Single Step Execution
Run specific stages for iterative refinement:
# Re-run from Stage 4 after a gap detection
blueprint365 run --input requirements.txt --from-stage 4
Output Structure
./output/
├── requirements/
│ └── requirements-validated.md
├── srs/
│ └── srs-v1.md
├── architecture/
│ ├── architecture-v1.md
│ └── adrs/
├── detailed-design/
│ ├── components/
│ ├── schemas/
│ └── contracts/
├── prompts/
│ └── prompt-*.md
├── code/
│ ├── src/
│ ├── tests/
│ ├── docker/
│ └── README.md
├── attestation/
│ └── ga-e-report.md
└── manifest/
└── user-intervention-manifest.md
FAQ
Q: What happens when a GA stage rejects an artifact? A: The pipeline loops back to the stage that produced the artifact. That stage receives the rejection report as context and re-executes with the gap information. The feedback loop continues until the artifact passes. Each iteration is logged for auditability.
Q: Can I customize which LLMs are used for each stage? A: Yes. The LLM assignments are configurable in the pipeline configuration file. The only constraint is the Independence Rule: no two consecutive stages may use the same LLM.

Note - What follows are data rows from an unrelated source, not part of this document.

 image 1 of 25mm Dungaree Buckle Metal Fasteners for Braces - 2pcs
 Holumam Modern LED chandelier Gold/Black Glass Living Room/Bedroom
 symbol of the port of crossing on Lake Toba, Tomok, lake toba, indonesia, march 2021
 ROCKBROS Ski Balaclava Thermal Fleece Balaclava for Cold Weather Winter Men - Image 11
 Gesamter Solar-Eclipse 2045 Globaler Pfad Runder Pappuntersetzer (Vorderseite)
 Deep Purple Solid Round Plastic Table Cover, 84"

Q: What if my requirements change mid-pipeline? A: Blueprint 365 supports scope change requests. Submit the new or modified requirements, and the pipeline determines which stages need re-execution. The impact assessment (affected stages, additional cost, timeline impact) is presented before proceeding.
Q: Is the generated code production-ready? A: Stage 11 attests that the code compiles, covers all scenarios, and is fully traced to requirements. However, any production deployment should include human review of the attestation report and User Intervention Manifest. The manifest explicitly lists every operational item a human must provide.
Q: How does the pipeline handle very large systems? A: The Stage 6 detailed design breaks the system into independently implementable modules. Stage 8 generates individual prompts per module, and Stage 10 can parallelize code generation across modules. For systems exceeding a single pipeline run, the architecture can define subsystem boundaries, and each subsystem runs through its own pipeline instance.